You wrote you’re new to HLSL and shaders. Shaders are fun, have fun! But, I would always recommend trying to understand the code snippets you’re trying out and the implications. Best way to learn is to try things out, if you notice clear performance drops when you test is taking up the whole screen, you are doing too much work in the shader[3]. The more you understand it the better you can learn to evaluate if there is better alternative or smarter tricks to get to what you want.
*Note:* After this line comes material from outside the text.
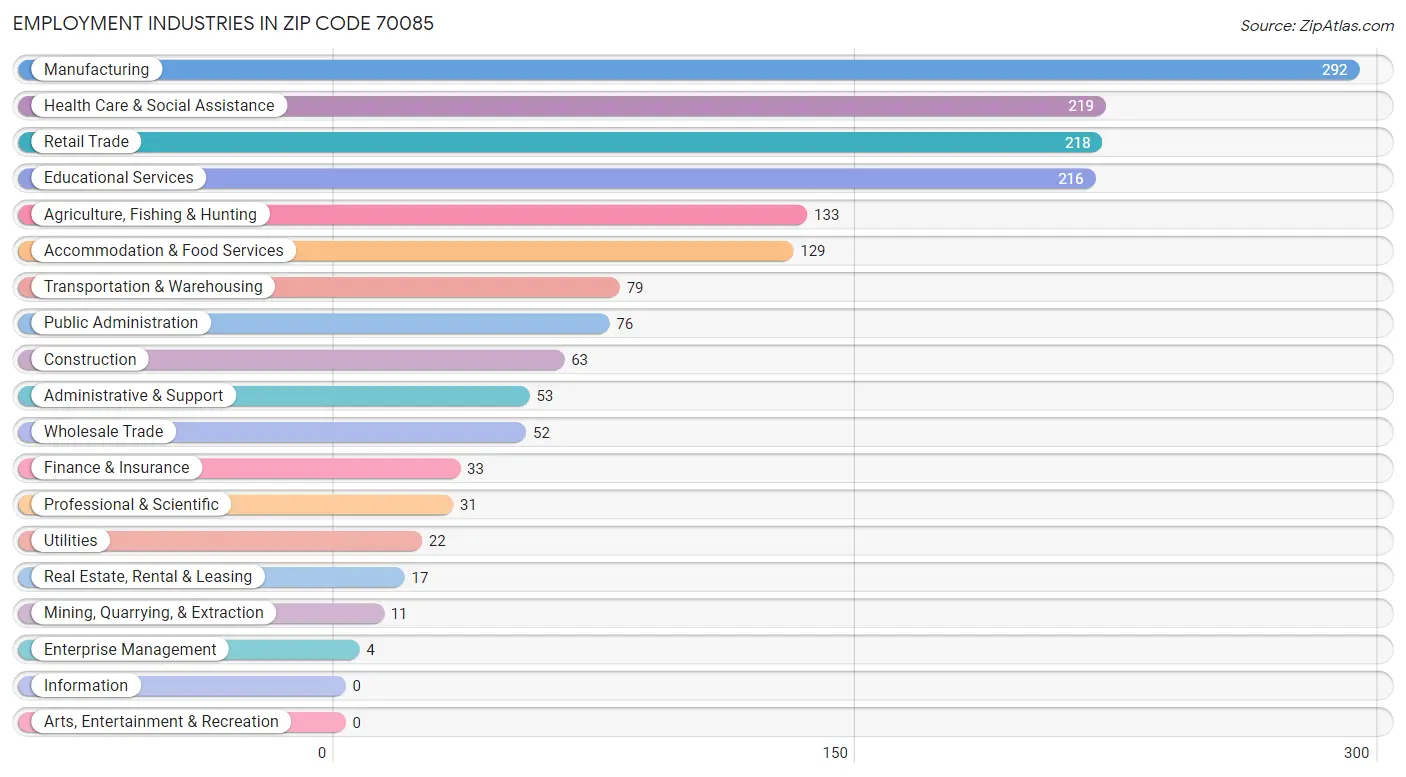 Employment Industries in Zip Code 70085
Compilers are usually real smart and can optimize a lot of things away - but they can’t replace whole methods for more performant ones.
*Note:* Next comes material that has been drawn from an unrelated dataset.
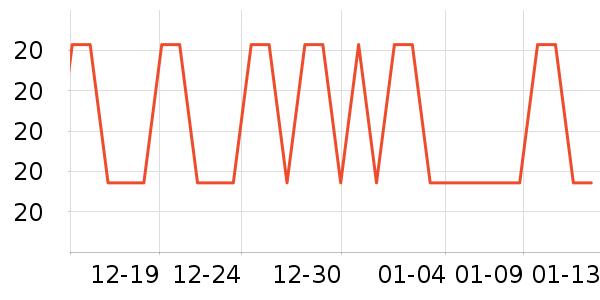 ����ի���/������ʷ�۸�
The online directX HLSL intrinsic function manual is really informative too.
Here it’s explaining SampleBias SampleBias (DirectX HLSL Texture Object) - Win32 apps | Microsoft Docs

[0]: An empty default material is 116 instructions - you’re not blurring for just 4, I can guarantee you that :o)
[1]: A compiler will remove some of the duplicates, like (r * 4) ^ 2 probably becomes r ^ 2 since the result is the same for all 4 cases - it’s still a large number if r is high.
[2]: Mips are smaller, so it’s smaller blocks of memory for the sampler to handle - another source of performance issues: “oversampling”. Tile a texture on a huge plane forcing it to always sample mip 0 and even a high end graphics card may stall significantly, when several full res tiles cover just a few pixels on the horizon.
[3]: “stat unit” console command will show you the ms timers, if the gpu ms timer goes up by a lot compared to looking at a grey box, you are doing something expensive. This is by far the best indicator of a specific shader being expensive, without actually digging deeper in a real gpu frame capture.

Beefyhead · July 4, 2021, 12:30pm

Great, thats new information for me loops wouldn’t count in UE 4 material editor. I haven’t generated mips. MIPS can be even pixelated I guess. I am looking for a dynamic shadow projection using a diffuse map for cutting down the cost. Brute force kinda linear approach, multiplying on a single direction, rest of the areas appears much sharper. Thanks for your comment. let me try your method.